It is generally advantageous for the optical structure to be arranged and/or designed in such a way that essentially the entire luminous flux, preferably the entire luminous flux of the lighting device impinges on the optical structure.

This allows the entire luminous flux to be used for modification of the original light pattern.

It is especially advantageous for the optical structure to be arranged and/or designed in such a way that it is essentially homogeneously illuminated.

Finally, the invention relates to one more lighting device with a east one, preferably exactly one, above-described optical structure.

For example, the lighting device is a projection system.

In this case, it is preferably provided that the lighting device comprises at least one light source, at least one reflector, and at least one lens, in particular a projector lens, and it preferably being provided that the at least one optical structure is arranged on the lens and/or on an additional cover plate or headlight lens.

However, it can also be provided that the lighting device is a reflecting system.

In this case it is advantageous for the lighting device to comprise at least one freeform reflector and at least one light source and at least one headlight lens and/or at least one cover plate, the at least one optical structure advantageously being arranged on the at least one headlight lens and/or at least one cover plate and/or an additional cover plate or headlight lens.
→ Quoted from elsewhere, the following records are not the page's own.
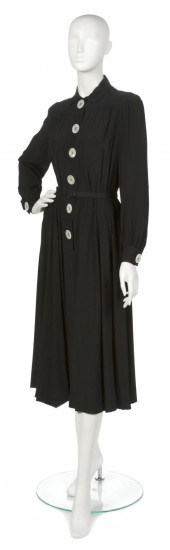 A Traina Norell Black Silk Cre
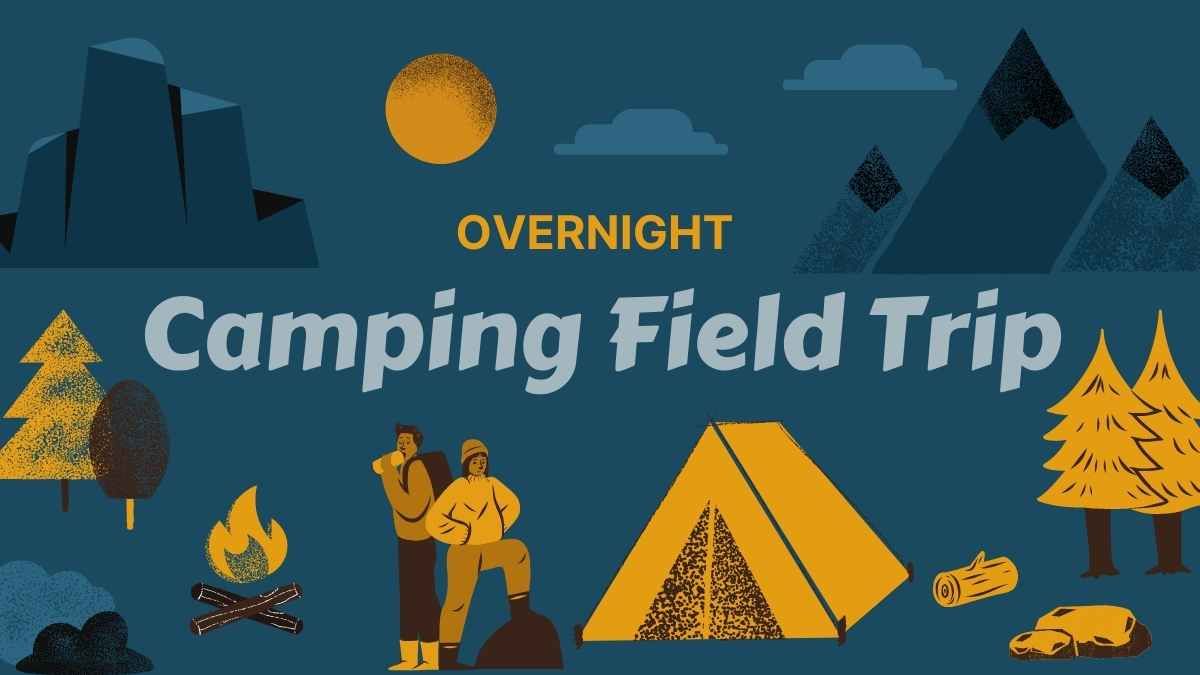 Viagem de campo ilustrada para acampamento - slide 0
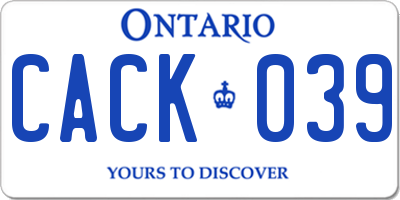 ON license plate CACK039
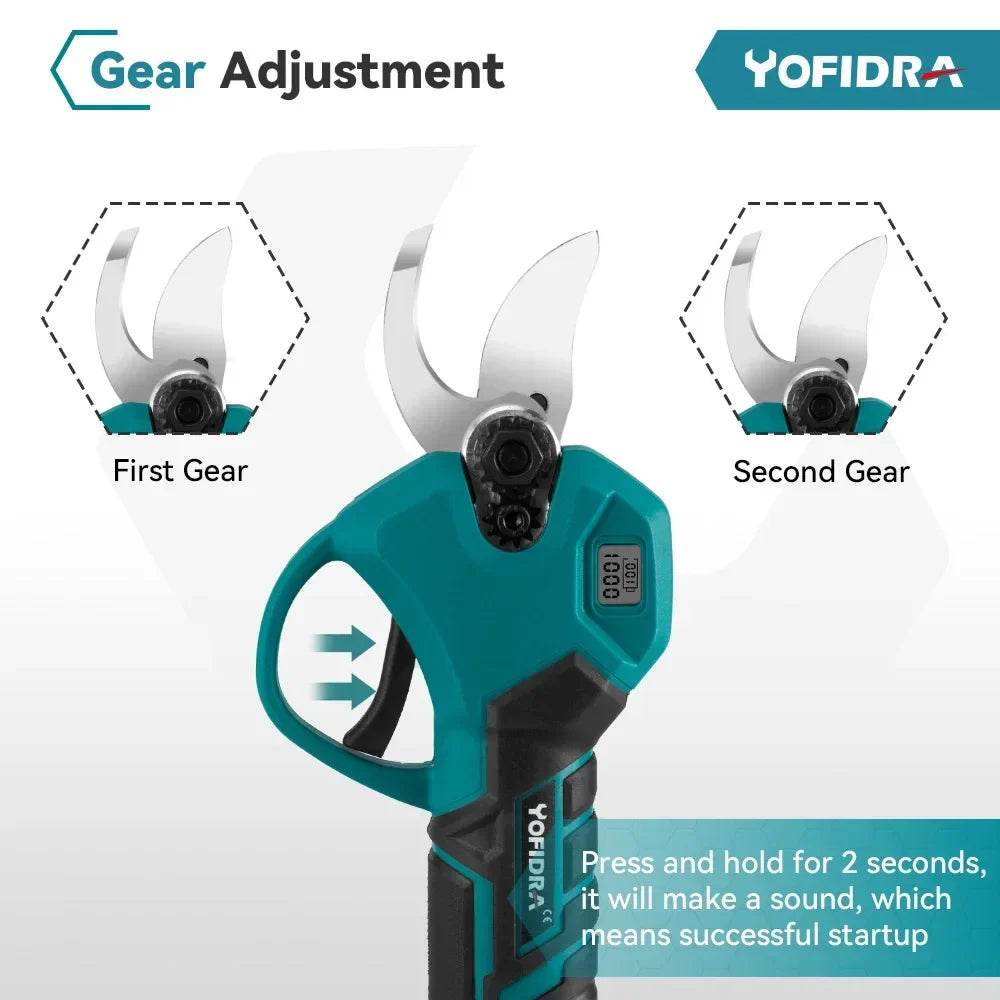 Yofidra 30mm Brushless Electric Pruner Shear 2 Gears Cordless Fruit Tree Bonsai Pruning Electric Scissors For Makita 18V Battery - Quality Shopping Centre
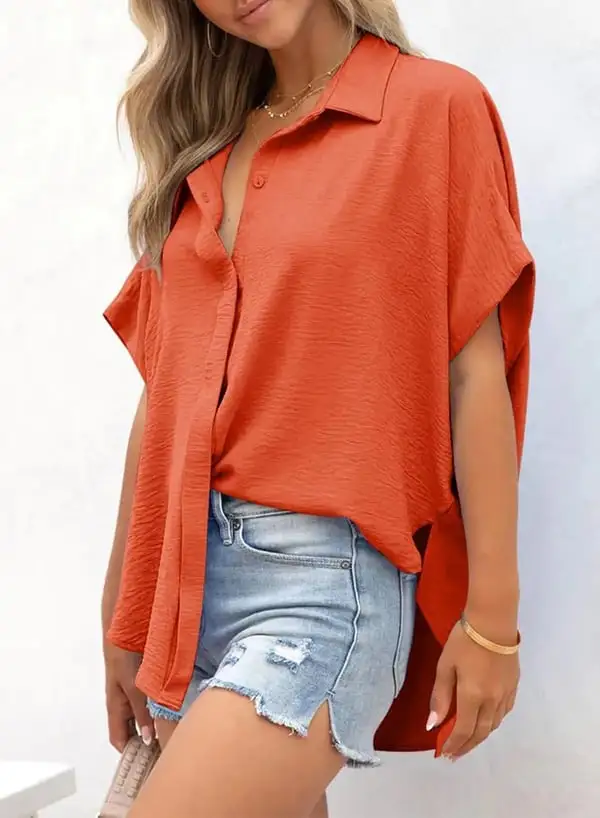 Women's Casual Button Short Sleeve (Less than $3 each!)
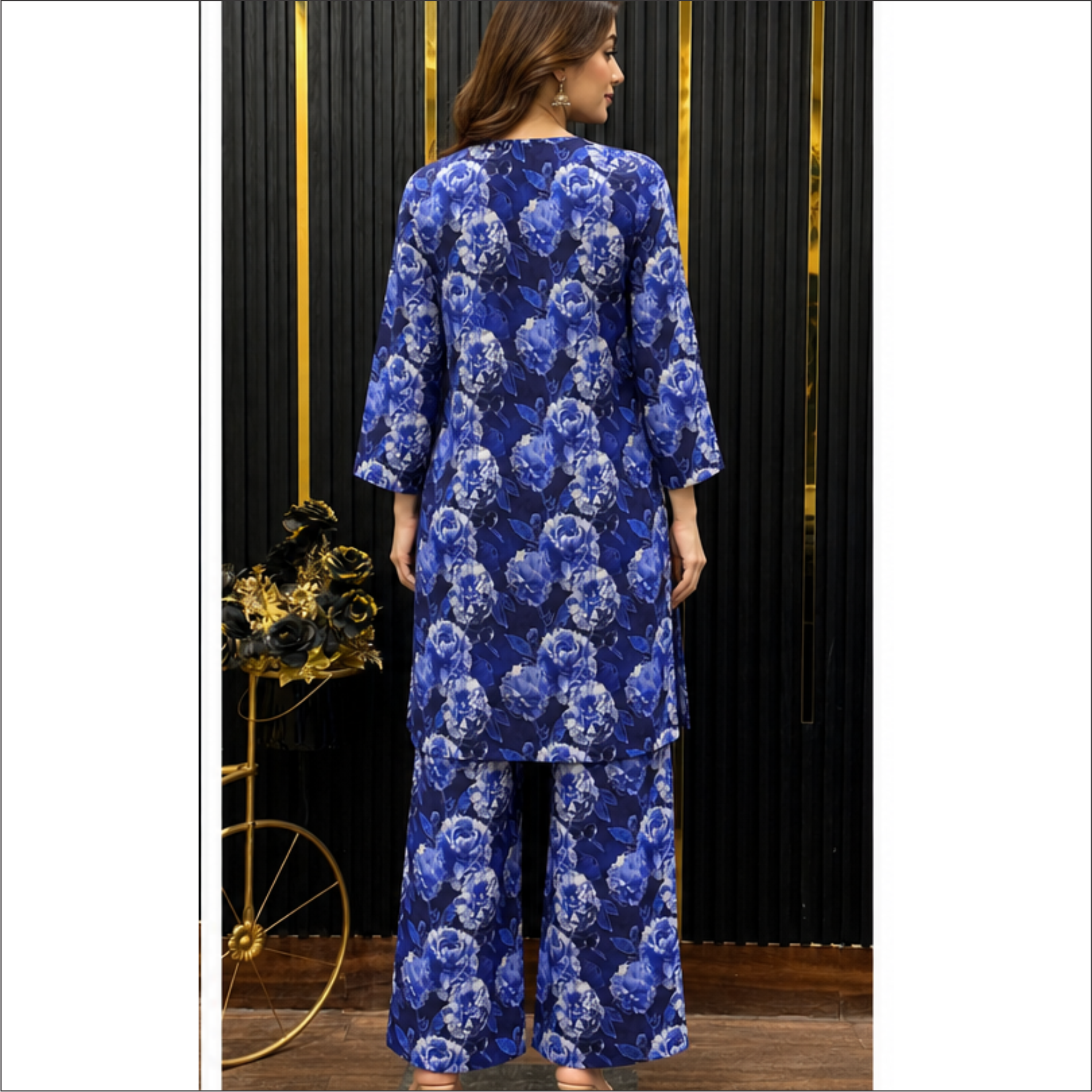 Royal Blue Floral Co-Ord Set – Graceful Everyday Fashion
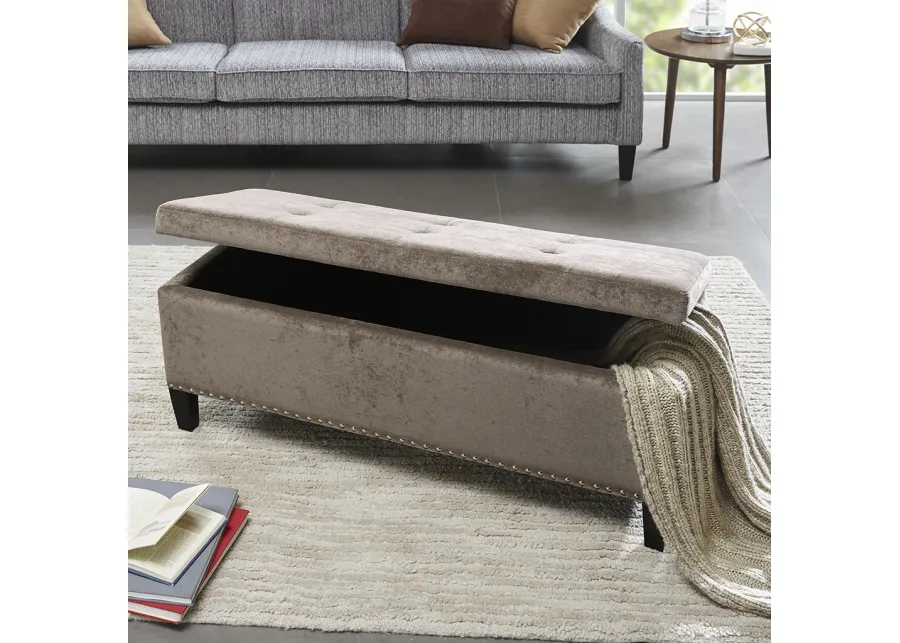 Madison Park Shandra II Taupe Tufted Top Soft Close Storage Bench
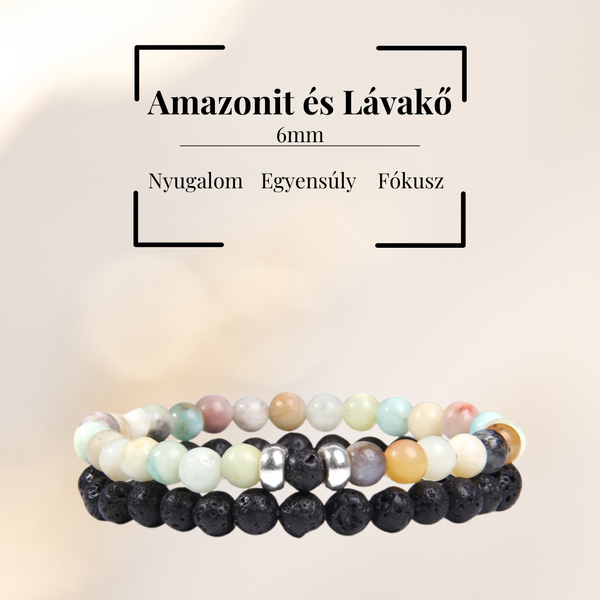 Amazonit és Lávakő Páros Karkötő 6mm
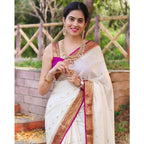 Women's Silk Printed Saree With Unstitched Blouse 5.5Mtr (White)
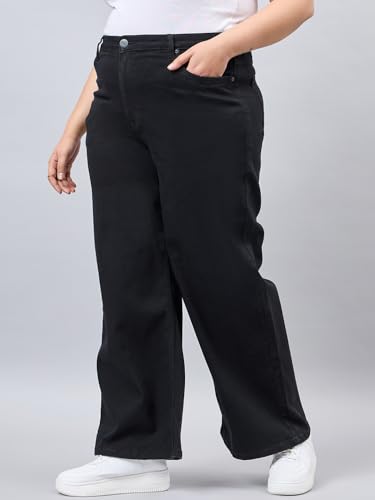 Image of Style Quotient Women Plus Size Black Wide Leg High Rise Stretchable Jeans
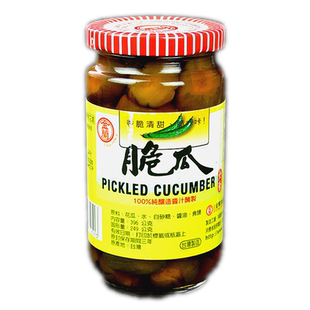 台湾原产 金兰 脆瓜396g瓶装 波浪脆瓜素食花瓜酱瓜黄瓜酱菜
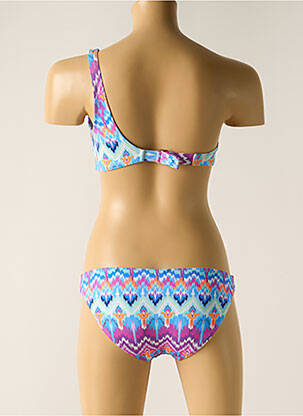 Maillot de bain 2 pièces effet matière satinée bleu DAG ADOM fille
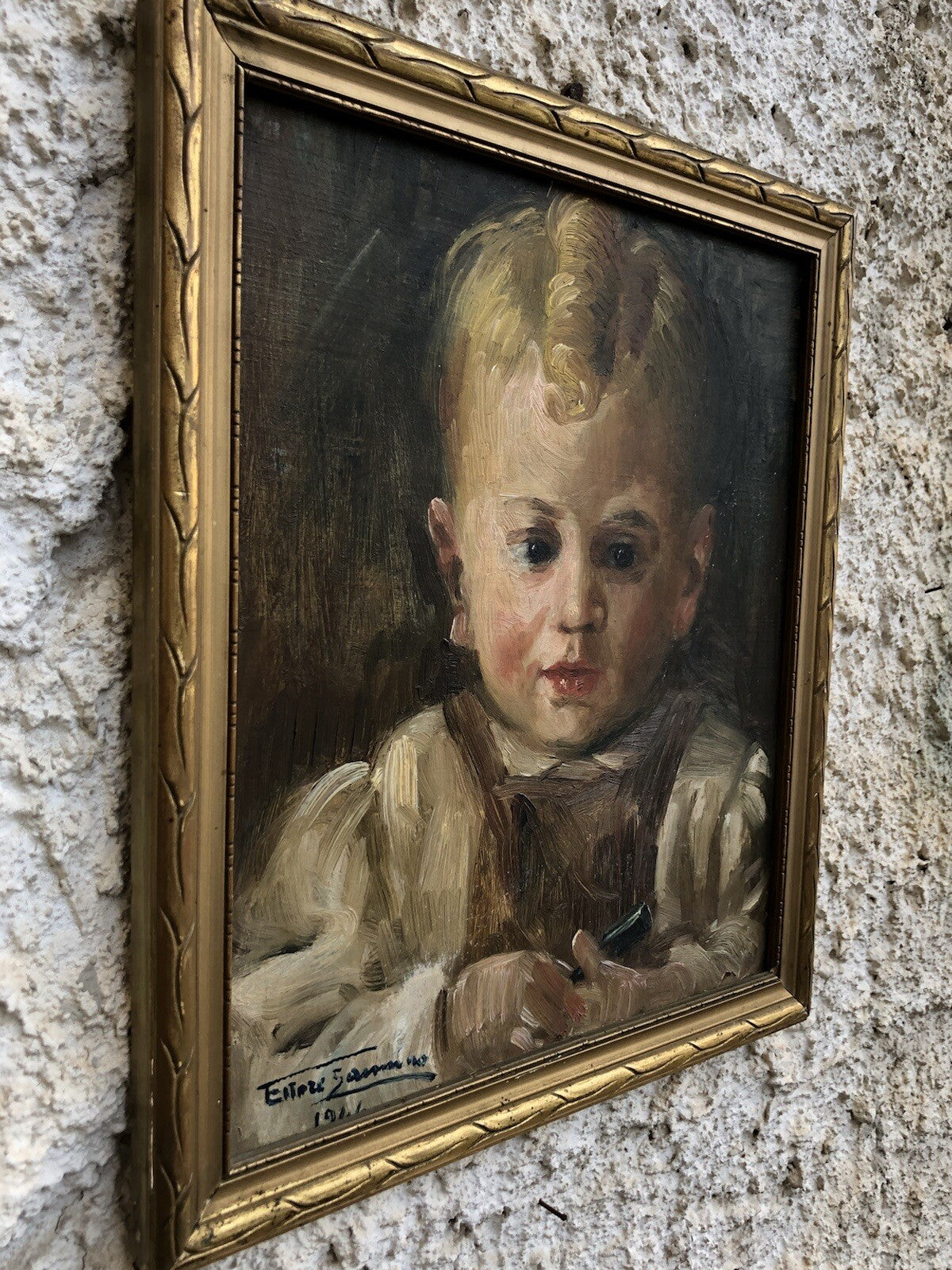 Quadro antico -Scolaretto- dipinto a olio su tavoletta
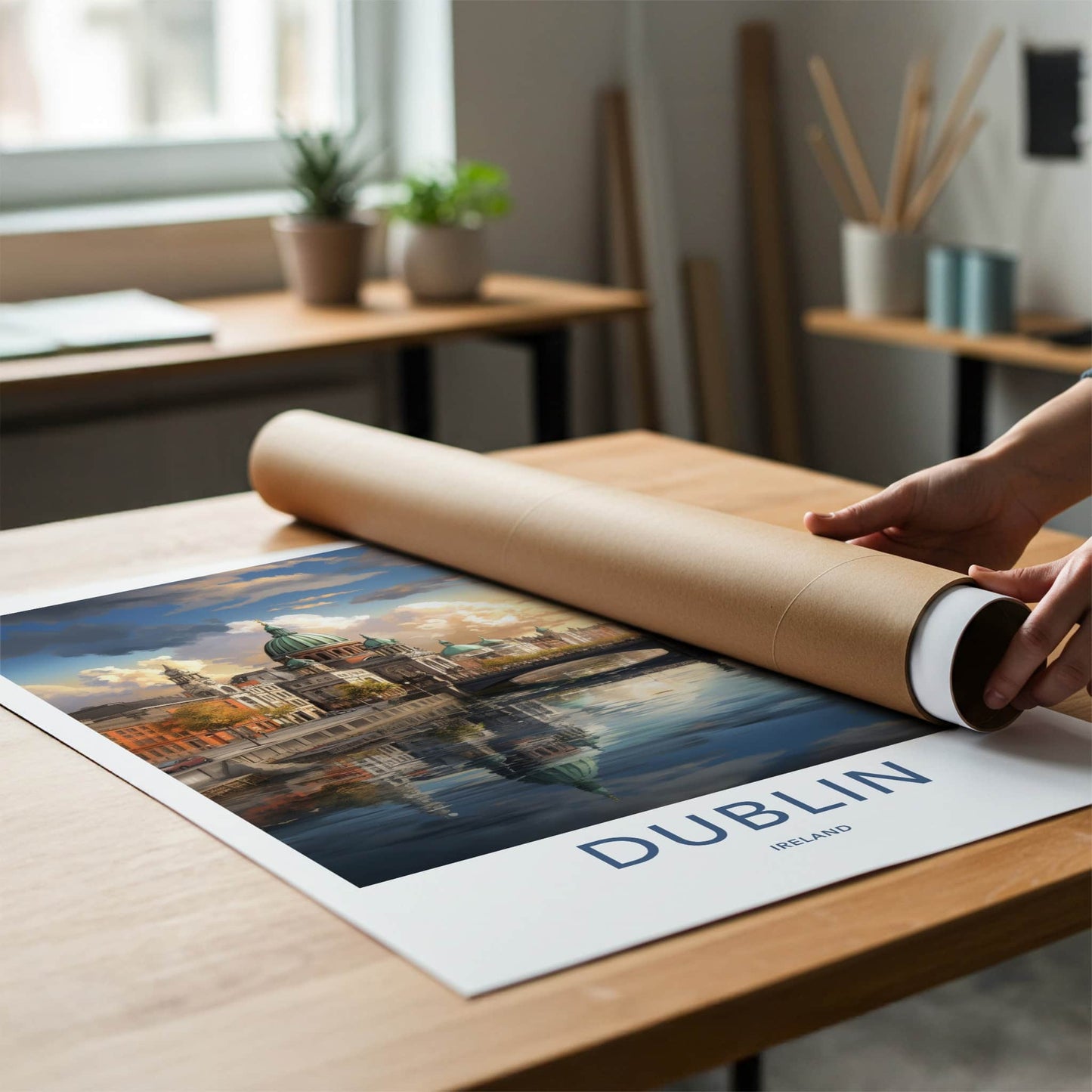 Dublin Poster - Ireland Travel Art - Cityscape River Bridge Home Decor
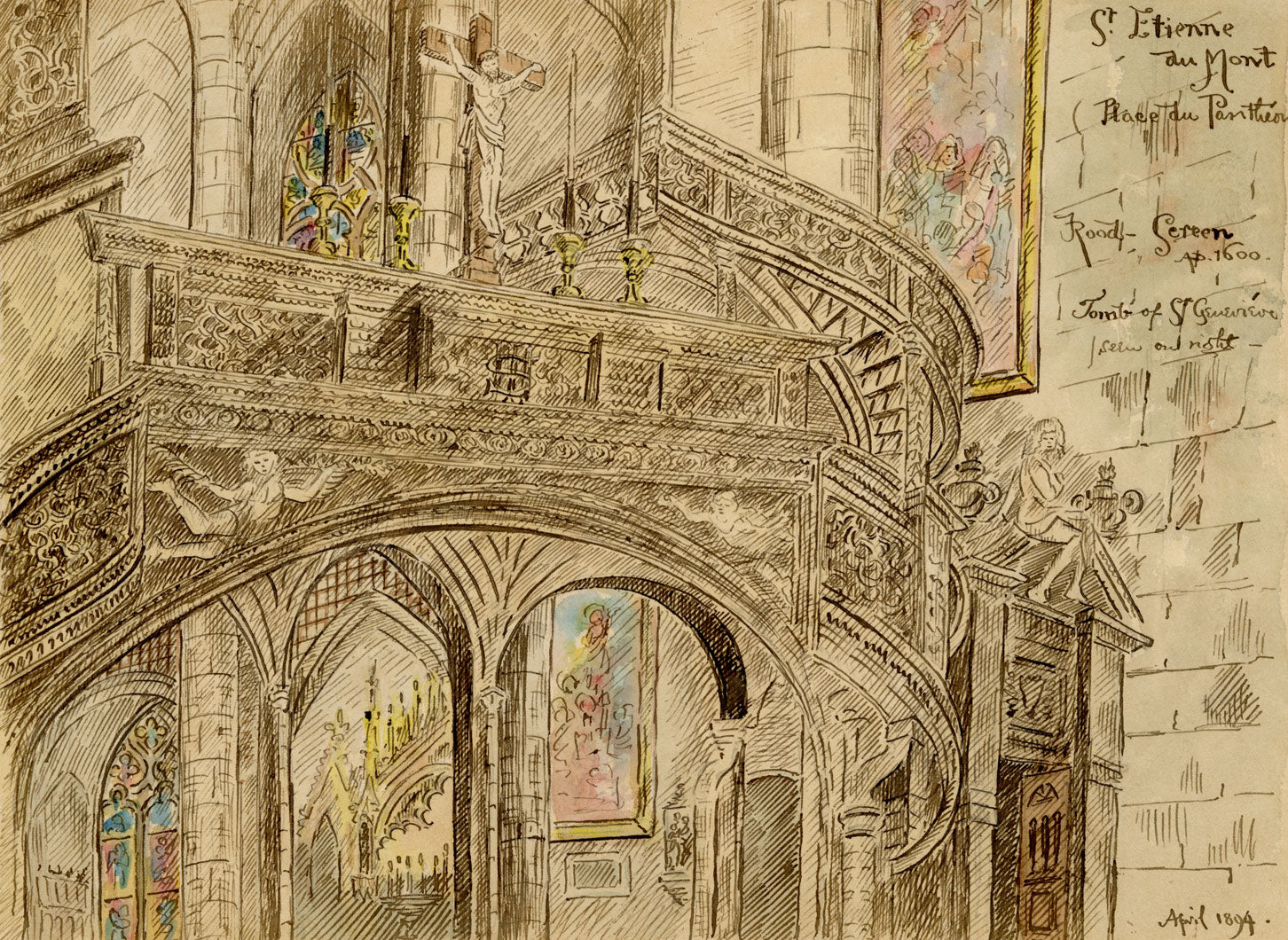 W. Pendavis, Saint-Etienne du Mont Rood Screen, Paris –1894 watercolour painting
The invention is described detail below using the drawing. The figures are as follows:

FIG. 1 a schematic representation of a prior art projection module;

FIG. 2 a schematic representation of a prior art reflection module;

FIG. 3 a schematic representation of a projection module with an inventive optical structure on the outside of a lens;

FIG. 4 a schematic representation of a reflection module with an inventive optical structure on the outside of a cover plate or headlight lens;

FIG. 5 a schematic representation of a projection module with an inventive optical structure on an additional optical element such as a glass pane;

FIG. 6 a schematic representation of a reflection module with an inventive optical structure on an additional optical element such as a glass pane;

FIG. 7 a “conventional” unmodified low beam pattern produced with a prior art lighting device;

FIG. 7a individual light spots taken from areas produced by a prior art lighting device;

FIG. 7b a larger number of light spots as shown in FIG. 7a;

FIG. 8 a modified low beam pattern produced with a lighting device having an inventive optical structure;

FIG. 8a the light spots from FIG. 7a, modified according to a spread function for combined gradient softening and production of a sign light;

FIG. 8b the light spots from FIG. 7b, correspondingly modified with the spread function;

FIG. 9 a three-dimensional view of a lens with an optical structure, an enlarged representation of a detail of the lens, and furthermore an even more enlarged detail of the already enlarged detail;

FIG. 10 a hexagonal grid structure;

FIG. 11 the grid structure shown in FIG. 10, occupied with optical structural elements having a circular base;

FIG. 12 an enlarged representation of the optical structure from FIG. 11 in the area of an optical structural element;

FIG. 13 a schematic diagram of a hexagonal arrangement of optical structural elements (microstructures) with a circular base and a light pattern produced with it;

FIG. 14 a light pattern built of square light segments, and their projection shown through an optical structure such as in FIG. 13;

FIG. 15 a grid structure on a defined surface, on which the optical structural elements of an inventive optical structure are arranged;

FIG. 16 a top view of the grid from FIG. 15 in the area of an optical structural element along with directly bordering structural elements;

FIG. 17 a perspective view of the detail in FIG. 16;

FIG. 18 a section along the line A-A in FIG. 16;

FIG. 19 a section along the line B-B in FIG. 16;

FIG. 20 a purely schematic illustration of the effects of a structural element having a square base area on a light pattern;

FIG. 21 an unmodified light pattern built from square light segments and the projection of the luminous flux forming this light pattern by means of an optical structure with square structural elements; and

FIG. 22 the schematic course of the luminous intensity in an unmodified and in a modified light pattern.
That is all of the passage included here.